NASA has confirmed that one of the Trojan asteroids identified as Eurybates has an orbiting natural satellite. The agency intends to study the satellite further once it visits Eurybates through its upcoming Lucy mission.

The Lucy mission is scheduled to launch sometime in October 2021 with the main objective of studying the Trojan asteroids, which are space rocks that are orbiting the Sun. As part of the mission, Lucy will fly close to the asteroid Eurybates.

As NASA continues to study the asteroid before the mission launches, the agency was able to uncover a surprising feature of the space rock. Through multiple observations by the Hubble Space Telescope, NASA was able to confirm that Eurybates has a natural orbiting satellite.

The satellite was first observed by Hubble in September 2018. Follow-up observations by the space telescope in December 2019 and January helped NASA confirm the presence of the satellite.

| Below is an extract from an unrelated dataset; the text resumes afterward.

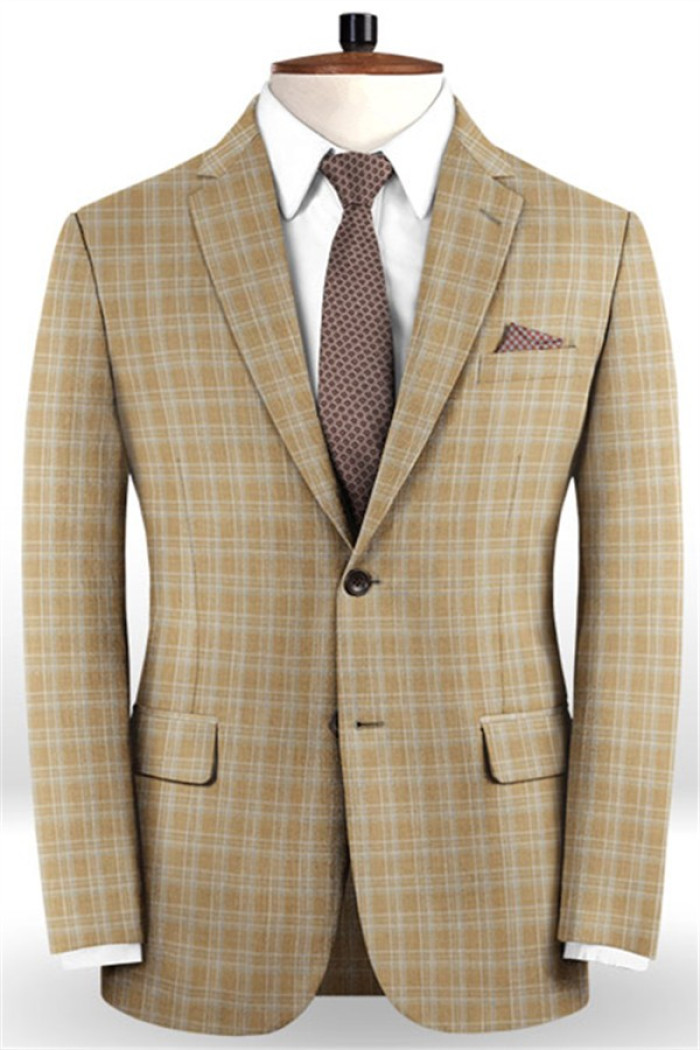 Giovani Khaki Checker Two Pieces Bespoke Slim Fit Men Suits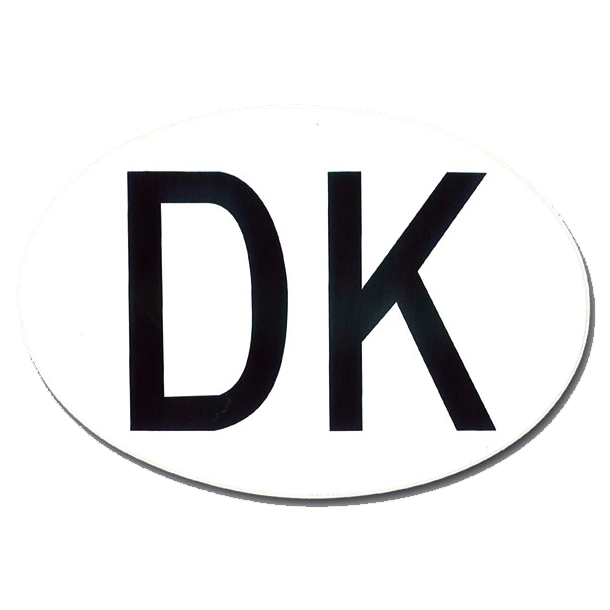 Trykt DK-skilt stort ( 170 x 115 )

According to the mission’s specialists, the satellite is less bright than Eurybates, which could be the reason why it was not detected sooner.

“This newly discovered satellite is more than 6,000 times fainter than Eurybates, implying a diameter less than 1 km,” Hal Levinson of the Southwest Research Institute and principal investigator for the Lucy mission said in a statement.

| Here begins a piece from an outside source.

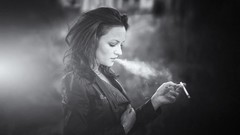 Woman monochrome smoking grayscale sergey piltnik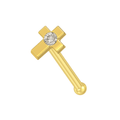 9K Gold Cubic Zirconia Jewelled Cross Design Nose Bone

“If this estimate proves to be correct, it will be among the smallest asteroids visited,” he continued.

Through the latest discovery, NASA now intends to send the Lucy mission to study both Eurybates and its satellite. They will be part of the mission’s flyby encounters to study the asteroid belt moving across Jupiter’s orbit around the Sun. Dubbed as Jupiter Trojan asteroids, these space rocks are known to collide with one another.

For NASA’s scientists, studying these asteroids and their collisions will provide valuable information regarding the formation of space rocks and their satellites.

“There are only a handful of known Trojan asteroids with satellites, and the presence of a satellite is particularly interesting for Eurybates,” Thomas Statler, the NASA’s program scientist for Lucy explained. “It’s the largest member of the only confirmed Trojan collisional family – roughly 100 asteroids all traceable to, and probably fragments from, the same collision.”